And what of the war on terror? More supposed terrorists tortured in secret jails, the vast network of gulag outposts erected around the world to house our suspected enemies? More hostages taken, more beheadings, accelerating the cycle of more go-it-alone measures, as Tony Blair, Bush's last loyalist in Europe, goes down? Not even Bush partisans can deny that the great mass of citizens in Europe would prefer to see Bush defeated.
Richard Clarke, the top anti-terror appointee who served under Presidents Reagan, Bush Sr., Clinton and Bush Jr., told a Harvard audience last spring that a case could be made that Osama bin Laden might prefer a re-elected President Bush to the installation of a new President Kerry.
Why? Because Bush has made bin Laden a hero to the Muslim masses stretching from Europe to Indonesia. The claim by Vice President Cheney that a Kerry victory would trigger more terror attacks are patently self-serving and beneath contempt.

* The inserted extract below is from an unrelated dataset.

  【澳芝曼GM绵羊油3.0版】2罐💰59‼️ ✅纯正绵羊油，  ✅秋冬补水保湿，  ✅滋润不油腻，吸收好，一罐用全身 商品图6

One of Kerry's biggest applause lines on the stump is his vow to remove John Ashcroft as attorney general. The Justice Department is the federal agency where a Kerry win would result in the most dramatic changes on the domestic front. The changes Kerry would make at the Pentagon and State Department would determine the course of U.S. war policy in Iraq and Afghanistan, and in dealing with the terror threat.
No one can predict the course of the Iraq insurgency, the pace of training Iraqi troops and police to take over security concerns, and the political situation after the election scheduled in January. The continuing cost of American casualties and of the war in terms of money will put great pressure on whoever is elected to set a firm pullout date.
Frankly, it seems the only way the United States can end this drain on American lives and treasure is to leave a lot sooner than either presidential candidate can prudently acknowledge before the election. My hunch is that Kerry, not having launched the war, and being far more critical of its conduct, will get Americans home a lot sooner than Bush would. The four- to five-year occupation that the administration foresees is simply not sustainable in terms of U.S. politics, no matter which man wins Nov. 2.
Bush invaded Iraq for publicly stated reasons that have not held up: no WMD, no nuke program worth worrying about, no Saddam-bin Laden connection, no tie to 9-11. I've argued previously Bush may have had a hidden, smoldering, personal reason to dethrone Saddam: the bitter memory of Saddam remaining in power after Bush's father, author of the first Gulf War, languished in defeat.
And I have no doubt that a re-elected Bush Jr., with his path cleared by the acknowledgment of Cheney that he cannot plausibly run for president himself, opens the way for Bush the Second to pave the course for his brother Jeb, the Florida governor, to capture the GOP nomination in 2008. Any guy who'll start a war apparently to avenge his father's defeat should have no compunction about doing everything he can to crowbar his brother into the White House. Bush III? No thanks. Two are enough.
David Nyhan is a longtime Boston political commentator.
=====================
I really like what this man has to say. He says everything I've been thinking since the Presidential race began almost 2 years ago. As I said above, a Bush victory will be a detriment to me personally. This country cannot afford four more years of this. I cannot afford four more years of this. Can you?